Unlucky drivers who break down on thousands miles of roads in the UK cannot call for help because there is no mobile phone signal, an independent motoring charity has warned.
A study by the RAC Foundation found that about two per cent of the country’s entire road network (4,561 miles) does not receive any 2G coverage, which is the minimum required to make a call or send a text.
These are areas where “you would not want to break down or have an accident because calling the RAC, the emergency services or even home wouldn't be an option,” said charity director Steve Gooding. “Even where there is partial network coverage it might not be from your network provider.”
As is the case on a further 28,975 miles of the country’s roads, which only have partial 2G coverage, meaning that some not all phones will receive a signal.

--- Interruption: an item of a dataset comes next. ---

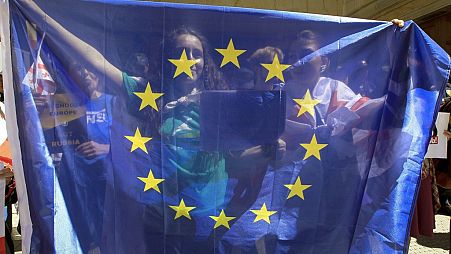 Protesters hold a EU flag as they gather outside the parliament building in Tbilisi, Georgia, April 16, 2024.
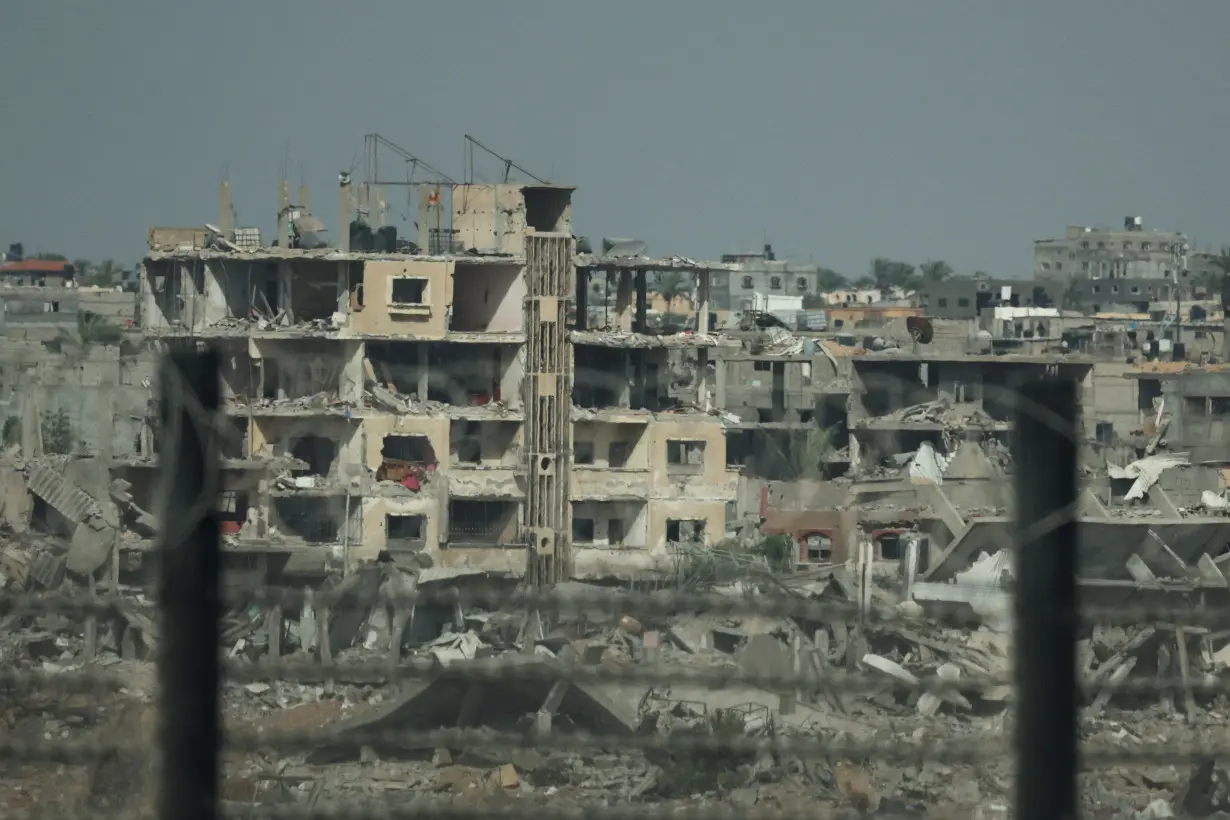 Remains of destroyed buildings in Gaza, amid the ongoing conflict between Hamas and Israel, are pictured through the Egypt-Gaza border, in Rafah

Luckily, if a mobile phone user is in a location where their mobile phone network provides no coverage but another network does then an emergency call can be made. However, this is not possible if there is no network coverage available from any of the main network providers.

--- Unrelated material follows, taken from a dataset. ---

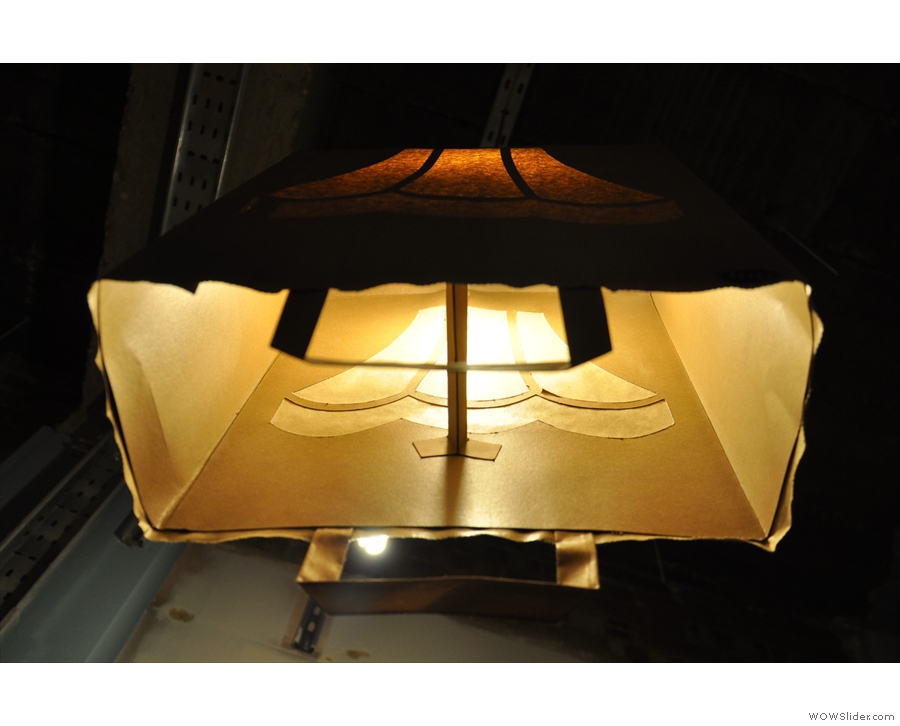 I've never seen a paper bag used as a lamp-shade before. Have you?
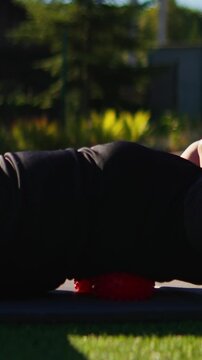 Mature women exercising outdoors on yoga mats, performing abdominal crunches and relaxation stretches on grass in sunny park wellness fitness routine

Figures from the study suggest that large areas of Scotland and Wales are of particular concern, with the Highlands (452 miles) Powys (437 miles) and Argyll and Bute the local authority areas with the most miles of road lacking any mobile signal.

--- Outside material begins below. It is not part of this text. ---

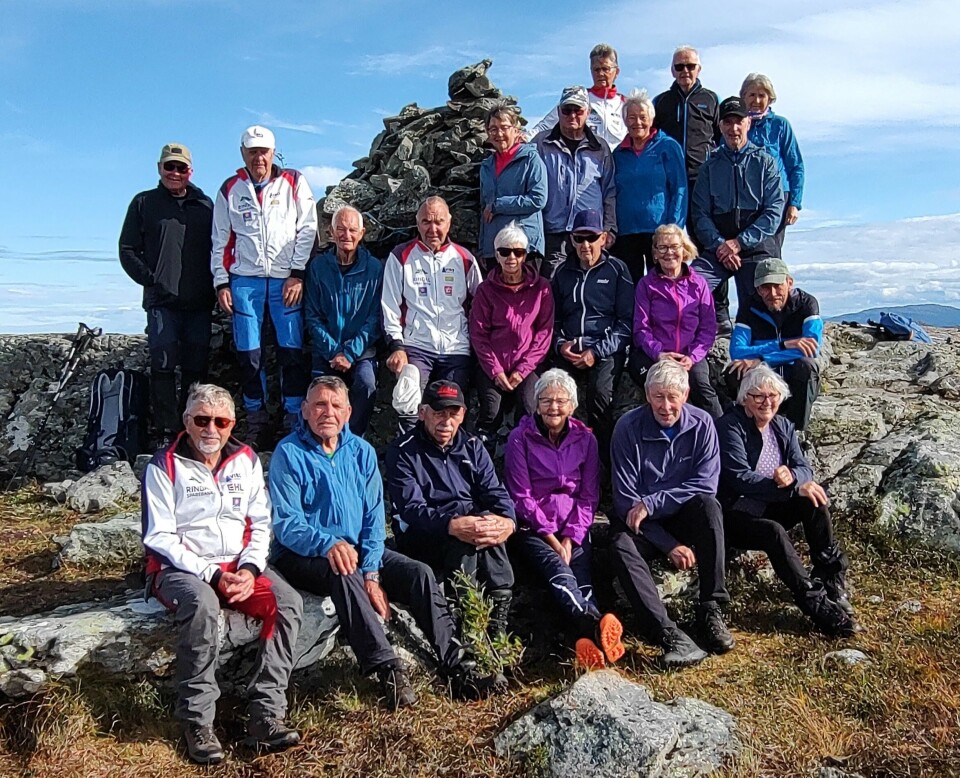 Ved varden på Tifjellet. Ei gruppe med friluftskledde folk som har samlet seg for fotografering ved en varde.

Motorists who rely on their smartphones to access the internet for route planning and to check for congestion could also get into difficulty – as 14,554 miles of the country’s roads (around six per cent) suffer from a complete absence of 3G coverage, and a further 111,679 miles receive only partial coverage
“The concepts of connected cars and drivers is at the heart of much thinking about how we might make our travelling lives easier,” said Gooding, “but the best ideas in the world will fall at the first hurdle if there are no bars on the phone.”